The result is an AST that look something like:
DefaultFormulaParser().get_ast("y ~ a + b:c")
<ASTNode ~: [y, <ASTNode +: [<ASTNode +: [1, a]>, <ASTNode :: [b, c]>]>]>
Evaluation¶
Now that we have the AST, we can readily evaluate it to generate the Term
instances we need to pass to our Formula
constructor. For example:
terms = DefaultFormulaParser(include_intercept=False).get_terms("y ~ a + b:c")
terms
.lhs: {y} .rhs: {a, b:c}
Formula(terms)
.lhs: y .rhs: a + b:c
Of course, manually building the terms and passing them to the formula
constructor is a bit annoying, and so instead we allow passing the string
directly to the Formula
constructor; and allow you to override the default
parser if you so desire (though 99.9% of the time this wouldn't be necessary).
Thus, we can generate the same formula from above using:
Formula("y ~ a + b:c", _parser=DefaultFormulaParser(include_intercept=False))
.lhs: y .rhs: a + b:c
Materialization¶
Once you have Formula
instance, the next logical step is to use it to
materialize a model matrix. This is usually as simple passing the raw data as
an argument to .get_model_matrix()
:
import pandas
data = pandas.DataFrame({"a": [1,2,3], "b": [4,5,6], "c": [7, 8, 9], "A": ["a", "b", "c"]})
Formula("a + b:c").get_model_matrix(data)
Intercept | a | b:c | |
---|---|---|---|
0 | 1.0 | 1 | 28 |
1 | 1.0 | 2 | 40 |
2 | 1.0 | 3 | 54 |
Just as for formulae, the model matrices can be structured, and will be structured in the same way as the original formula. For example:
Formula("a", group="b+c").get_model_matrix(data)

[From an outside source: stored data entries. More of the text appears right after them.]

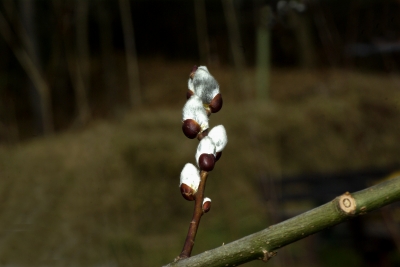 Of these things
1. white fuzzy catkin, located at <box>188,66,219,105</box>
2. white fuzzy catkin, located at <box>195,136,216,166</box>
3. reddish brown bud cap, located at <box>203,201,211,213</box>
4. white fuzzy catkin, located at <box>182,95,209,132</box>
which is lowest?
reddish brown bud cap, located at <box>203,201,211,213</box>

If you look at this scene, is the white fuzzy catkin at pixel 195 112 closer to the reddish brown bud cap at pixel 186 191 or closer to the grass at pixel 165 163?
the reddish brown bud cap at pixel 186 191

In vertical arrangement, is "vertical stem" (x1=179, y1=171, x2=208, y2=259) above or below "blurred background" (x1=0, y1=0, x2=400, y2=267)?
above

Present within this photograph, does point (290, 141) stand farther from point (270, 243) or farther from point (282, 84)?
point (270, 243)

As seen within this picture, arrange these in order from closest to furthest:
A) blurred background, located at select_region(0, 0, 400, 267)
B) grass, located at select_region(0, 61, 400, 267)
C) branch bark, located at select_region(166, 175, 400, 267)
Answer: branch bark, located at select_region(166, 175, 400, 267)
grass, located at select_region(0, 61, 400, 267)
blurred background, located at select_region(0, 0, 400, 267)

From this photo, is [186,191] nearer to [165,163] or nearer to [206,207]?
[206,207]


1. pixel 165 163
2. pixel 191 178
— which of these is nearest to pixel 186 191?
pixel 191 178

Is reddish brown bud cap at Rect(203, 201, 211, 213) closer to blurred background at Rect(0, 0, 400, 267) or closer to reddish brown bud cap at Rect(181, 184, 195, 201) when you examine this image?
reddish brown bud cap at Rect(181, 184, 195, 201)

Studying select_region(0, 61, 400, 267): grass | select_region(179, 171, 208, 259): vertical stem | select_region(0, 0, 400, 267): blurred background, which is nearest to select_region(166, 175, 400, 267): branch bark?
select_region(179, 171, 208, 259): vertical stem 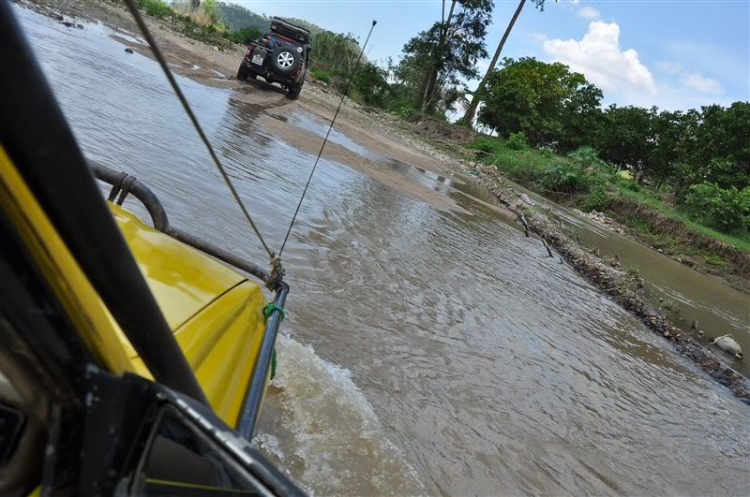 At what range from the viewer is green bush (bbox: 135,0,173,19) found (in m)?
29.7

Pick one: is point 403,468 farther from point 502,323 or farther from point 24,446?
point 502,323

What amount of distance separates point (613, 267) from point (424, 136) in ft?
66.4

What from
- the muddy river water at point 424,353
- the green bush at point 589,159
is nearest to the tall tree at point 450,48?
the green bush at point 589,159

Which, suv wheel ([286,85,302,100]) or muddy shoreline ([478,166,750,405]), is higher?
suv wheel ([286,85,302,100])

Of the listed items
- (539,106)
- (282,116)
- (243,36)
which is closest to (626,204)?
(282,116)

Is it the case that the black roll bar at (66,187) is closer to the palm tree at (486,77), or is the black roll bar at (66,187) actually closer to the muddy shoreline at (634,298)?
the muddy shoreline at (634,298)

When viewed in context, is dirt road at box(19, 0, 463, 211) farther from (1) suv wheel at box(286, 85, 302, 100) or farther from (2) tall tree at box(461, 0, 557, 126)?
(2) tall tree at box(461, 0, 557, 126)

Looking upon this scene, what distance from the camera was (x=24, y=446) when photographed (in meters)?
0.69

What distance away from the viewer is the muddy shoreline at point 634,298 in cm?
686

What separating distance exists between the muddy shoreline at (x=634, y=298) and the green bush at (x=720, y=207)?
11838 millimetres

root: Intercept a 0 1.0 1 1 1.0 2 2 1.0 3 .group: b c 0 4 7 1 5 8 2 6 9
Under the hood, both of these calls have looked at the type of the data
(pandas.DataFrame
here) and then looked up the FormulaMaterializer
associated with that type (PandasMaterializer
here), and then passed the
formula and data along to the materializer for materialization. It is also
possible to request a specific output type that varies by materializer
(PandasMaterializer
supports "pandas", "numpy", and "sparse"). If one is not
selected, the first available output type is selected for you. Thus, the above
code is equivalent to:
from formulaic.materializers import PandasMaterializer
PandasMaterializer(data).get_model_matrix(Formula("a + b:c"), output="pandas")
Intercept | a | b:c | |
---|---|---|---|
0 | 1.0 | 1 | 28 |
1 | 1.0 | 2 | 40 |
2 | 1.0 | 3 | 54 |
The return type of .get_model_matrix()
is either a ModelMatrix
instance if
the original formula was unstructured, or a ModelMatrices
instance that is
just a structured container for ModelMatrix
instances. However, ModelMatrix
is an ObjectProxy
subclass, and so it also acts like the type of object requested. For example:
import numpy
from formulaic import ModelMatrix
mm = Formula("a + b:c").get_model_matrix(data, output="numpy")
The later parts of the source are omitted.